Матрос Бокштигель, девятнадцати лет от роду, пришел к Херманну, который по совместительству занимает должность судового санитара, с зудящими, воспаленными подмышками.
— Вши! Штаны долой! — быстро ставит диагноз Херманн.
Внезапно он разражается проклятиями:
— Ты что, совсем спятил? Да их здесь целая армия марширует по тебе. Они сожрут такого заморыша, как ты, глазом не успеешь моргнуть.
Санитар докладывает первому вахтенному офицеру, который отдает приказание в 19.00 провести осмотр всех свободных от дежурства, а для вахтенных — полутора часами позже.
Командир, который спал в это время, узнает обо всем спустя час в кают-компании. Он взирает на первого вахтенного, как бык, который как вкопанный остановился на бегу, уставившись на красный плащ тореадора. Потом он левой ладонью хлопает себя по лбу, пытаясь сдержать свой гнев.
В носовом отсеке идут разговоры:
— Ну что, обглодали твои ребрышки?
— Дело — дрянь.
— И это помимо всего прочего.
— Да уж, это, пожалуй, слишком!
Наша фауна обогатилась. Теперь у нас на борту есть не только корабельная муха, но и корабельные вши. Скоро мы превратимся в Ноев ковчег для низших классов животных.
У пятерых свободных от вахты обнаружены вши. Вскоре по лодке распространяется сладкий запах бензина. Уничтожение врага началось.

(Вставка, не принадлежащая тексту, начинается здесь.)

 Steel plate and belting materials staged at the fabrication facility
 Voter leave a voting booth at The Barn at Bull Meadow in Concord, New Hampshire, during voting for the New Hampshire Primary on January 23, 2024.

Ветер налетает на нас с таким ревом, какой издает сжатый воздух, вырывающийся сквозь узкое отверстие. Временами он затихает, как будто наполняет воздухом свои меха, потом внезапно начинает дуть с еще большей яростью.

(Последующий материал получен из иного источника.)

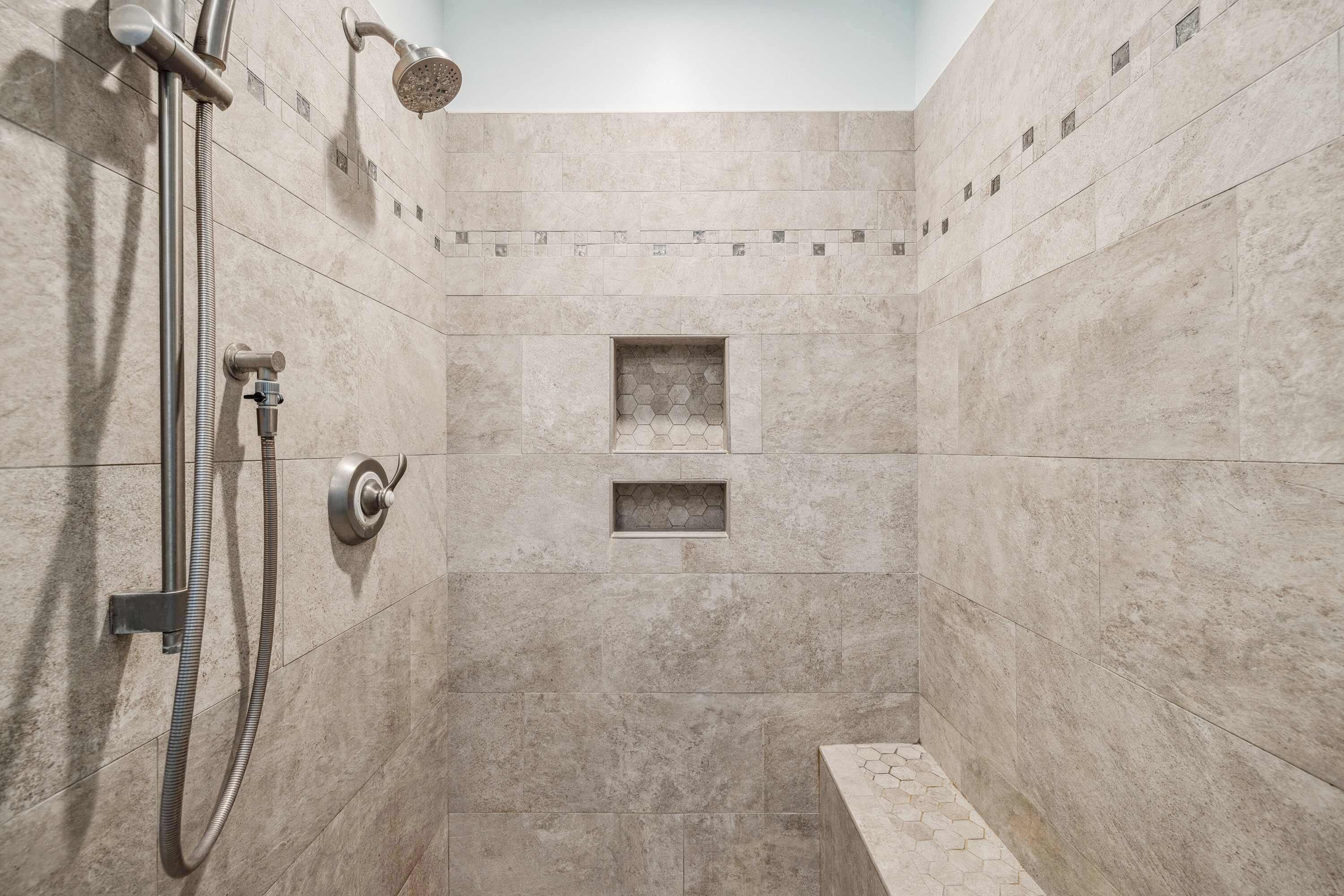 A shower with a handheld showerhead and a wall-mounted faucet.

С каждой секундой волны вокруг нас вздымаются все выше и выше, зажатые в тисках шквалов. Струи пены, вспыхивая, разлетаются во все стороны, как трещины, разбегающиеся по темному стеклу. Волны выглядят все более угрожающе — ревущий, бурлящий котел. Снова и снова нос лодки скрывается за свистящими брызгами воды, которые выстреливают вверх из-под палубных решеток. Ветер подхватывает эти потоки и раз за разом хлещет ими по лицам впередсмотрящих.
На посту управления влажность увеличивается. Незаметно все покрывается влажной пленкой. Трап становится мокрым и холодным на ощупь.
Я не могу дольше оставаться на мостике без дождевика и зюйдвестки. Спустившись вниз, первым делом я смотрю на барограф. Его игла начертила нисходящую лесенку. Как будто смотришь сбоку на каскад в разрезе. Линия ненастной погоды опускается с такой настойчивостью, что скоро она коснется края бумаги.
Замечательный прибор — барограф. С его помощью погода берет в руки перо, чтобы оставить росчерк своего автографа на барабане, медленно вращающемся вокруг вертикальной оси. Линия, прочерченная на нем, тем не менее периодически нарушается резкими скачками пиков.